The popularity of concurrent transmissions (CT) has soared after recent studies have shown their feasibility on the four physical layers specified by BLE 5, hence providing an alternative to the use of IEEE 802.15.4 for the design of reliable and efficient low-power wireless protocols. However, to date, the extent to which physical layer properties affect the performance of CT has not yet been investigated in detail. This paper fills this gap and provides an extensive study on the impact of the physical layer on CT-based solutions using IEEE 802.15.4 and BLE 5. We first highlight through simulation how the impact of errors induced by relative carrier frequency offsets on the performance of CT highly depends on the choice of the underlying physical layer. We then confirm these observations experimentally on real hardware and with varying environmental conditions through an analysis of the bit error distribution across received packets, unveiling possible techniques to effectively handle these errors. We further study the performance of CT-based data collection and dissemination protocols in the presence of RF interference on a large-scale testbed, deriving insights on how the employed physical layer affects their dependability.

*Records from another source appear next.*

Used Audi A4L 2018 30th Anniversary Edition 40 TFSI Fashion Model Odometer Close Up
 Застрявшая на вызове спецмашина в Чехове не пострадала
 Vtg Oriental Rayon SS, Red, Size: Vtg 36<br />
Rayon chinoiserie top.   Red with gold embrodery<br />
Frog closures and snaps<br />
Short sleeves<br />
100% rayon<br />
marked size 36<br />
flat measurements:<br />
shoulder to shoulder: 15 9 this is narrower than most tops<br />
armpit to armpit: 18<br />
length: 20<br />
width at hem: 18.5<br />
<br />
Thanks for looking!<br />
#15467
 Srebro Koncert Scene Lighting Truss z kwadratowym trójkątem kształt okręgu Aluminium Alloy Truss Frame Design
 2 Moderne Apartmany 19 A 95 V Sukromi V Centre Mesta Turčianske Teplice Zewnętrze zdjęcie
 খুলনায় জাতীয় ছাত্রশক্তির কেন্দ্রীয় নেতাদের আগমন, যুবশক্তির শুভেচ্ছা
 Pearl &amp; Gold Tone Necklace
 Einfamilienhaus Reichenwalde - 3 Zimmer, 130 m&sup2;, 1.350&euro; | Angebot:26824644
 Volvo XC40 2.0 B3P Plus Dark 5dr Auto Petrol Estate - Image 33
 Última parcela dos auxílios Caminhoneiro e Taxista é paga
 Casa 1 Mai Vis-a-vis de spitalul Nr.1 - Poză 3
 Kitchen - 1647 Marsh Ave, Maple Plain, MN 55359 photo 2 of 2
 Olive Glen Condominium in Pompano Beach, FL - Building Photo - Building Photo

翻译：并发传输（CT）的可行性近期在BLE 5所规定的四种物理层上得到验证后，其关注度急剧上升，从而为设计可靠高效的低功耗无线协议提供了IEEE 802.15.4之外的替代方案。然而迄今为止，物理层特性对CT性能的影响程度尚未得到深入研究。本文填补了这一空白，系统研究了基于IEEE 802.15.4和BLE 5的CT物理层影响。我们首先通过仿真揭示：由相对载波频率偏移所引入的误差对CT性能的影响，高度依赖于所采用的底层物理层选择。随后通过分析接收数据包中的误码分布，在实际硬件及变化环境条件下对上述观察进行了实验验证，揭示了有效处理这些误差的可行技术。进一步地，我们在大规模测试平台上研究了射频干扰环境下基于CT的数据收集与分发协议性能，得出了关于所采用物理层如何影响协议可靠性的重要见解。